It's very difficult to weigh each point on its 'own merit'; for example, if someone is writing an article on diet, it's relatively easy for them to construct a very impressive looking article, each citation of which is genuine and does indeed match the description, and which is logical - but also completely wrong because they cherrypicked the few dozen results which supported the thesis and ignored all the other studies and meta-analyses which reveal the thesis is complete bullshit.

For example, take dual n-back. Just with the materials in http://www.gwern.net/DNB%20FAQ I could construct a case that dual n-back is a fantastic intervention which will boost children's grades, help cure ADHD, help addicts kick drugs, increase your IQ, etc - or I could construct a case that it's a statistical artifact contributed to by financially compromised researchers which has failed replication and ought to be kicked to the trashheap of history.

Both would be true if you 'evaluate of my points on their own merit'.
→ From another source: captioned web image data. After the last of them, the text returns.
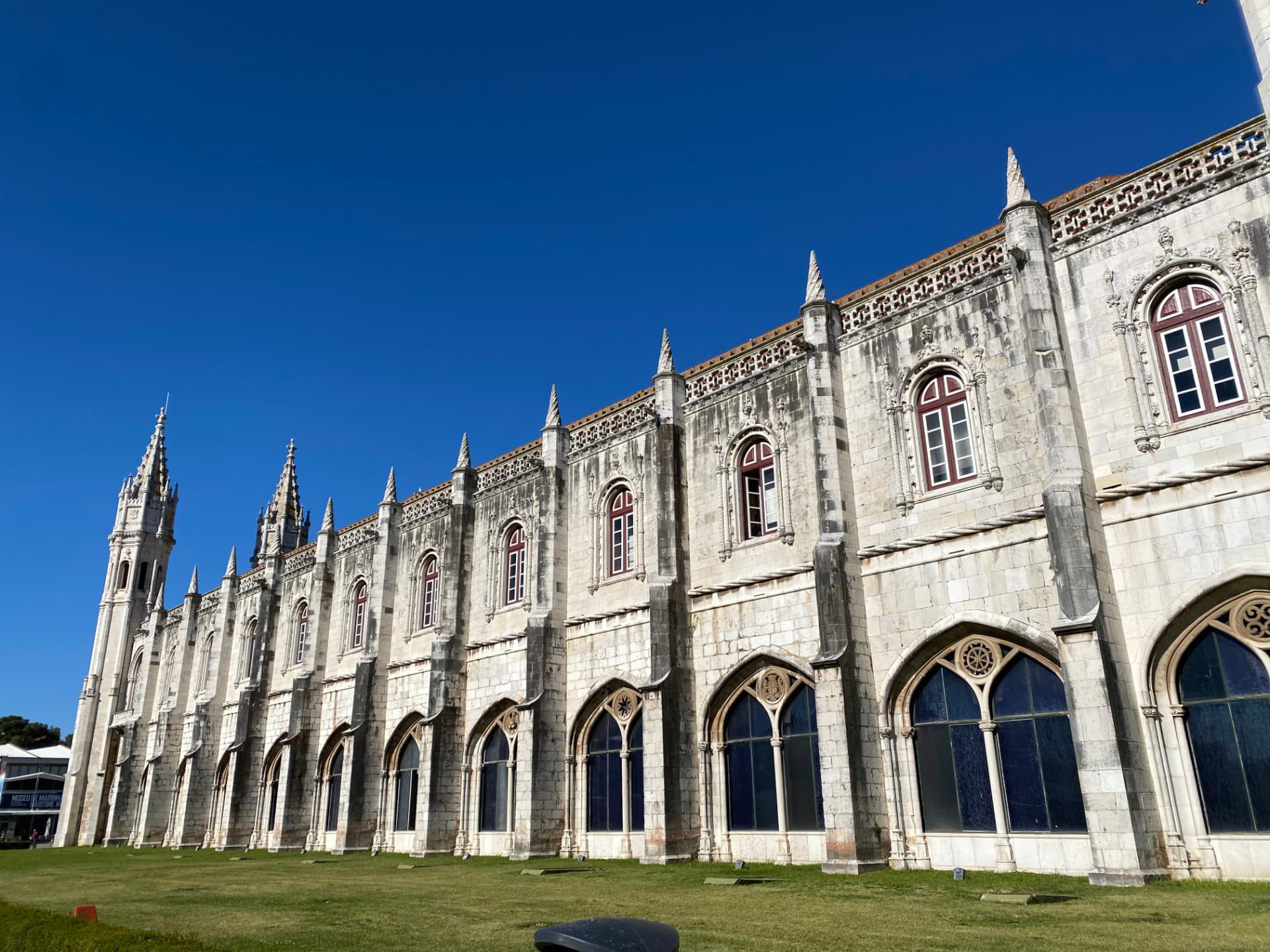 The long arched stone wall of Jerónimos Monastery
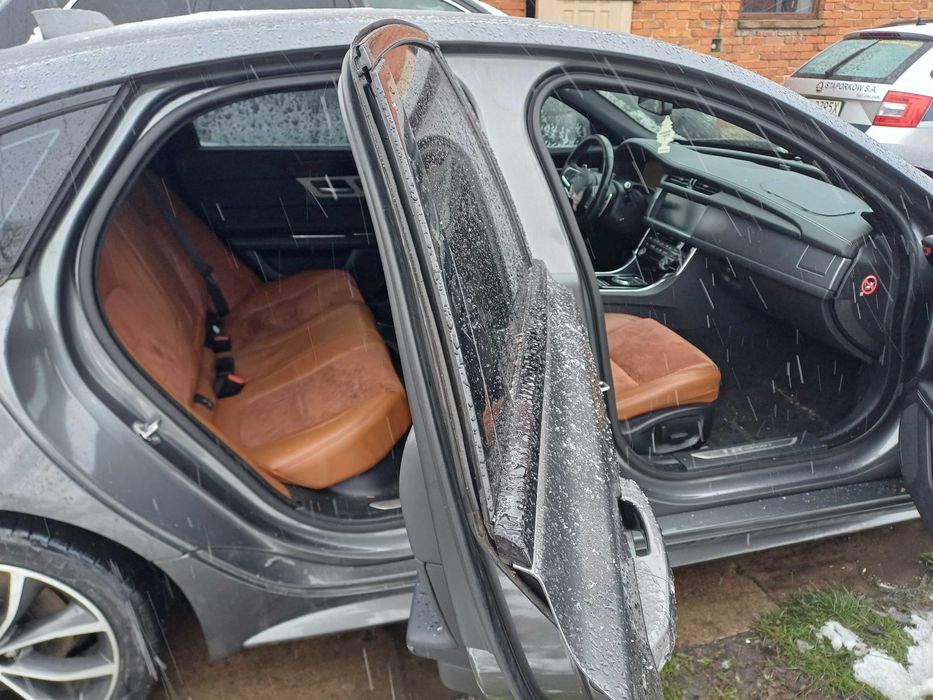 Jaguar XF 2.0 diesel 2018r.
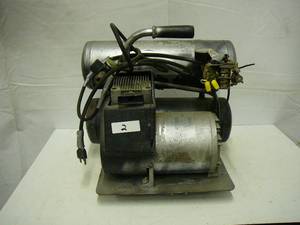 lot 2 image: Campbell Hausfeld 1Hp Air Compressor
When someone says that him believing in pseudoscience X reduces their confidence in any of the articles on topics Y or Z, they are quite correct. They have learned reasons to think that he left evidence out, or twisted it, or didn't look for counter-evidence, or engaged in any of the myriads of sins of omission or commission that lead a reader to falsehood.


Credibility isn't exactly the same thing as reputation.

Some authors have more credibility than others. If someone positions themselves in the realm of the incredible (which is what homeopathy is), they lose credibility, as they should.


Of course I evaluate each of his points on its merit, and may continue to do so. But part of how much mental "weighting" to put on his points is based on how much I respect how his thinking process goes, and how it lines up to mine. That weighting just got significantly reduced.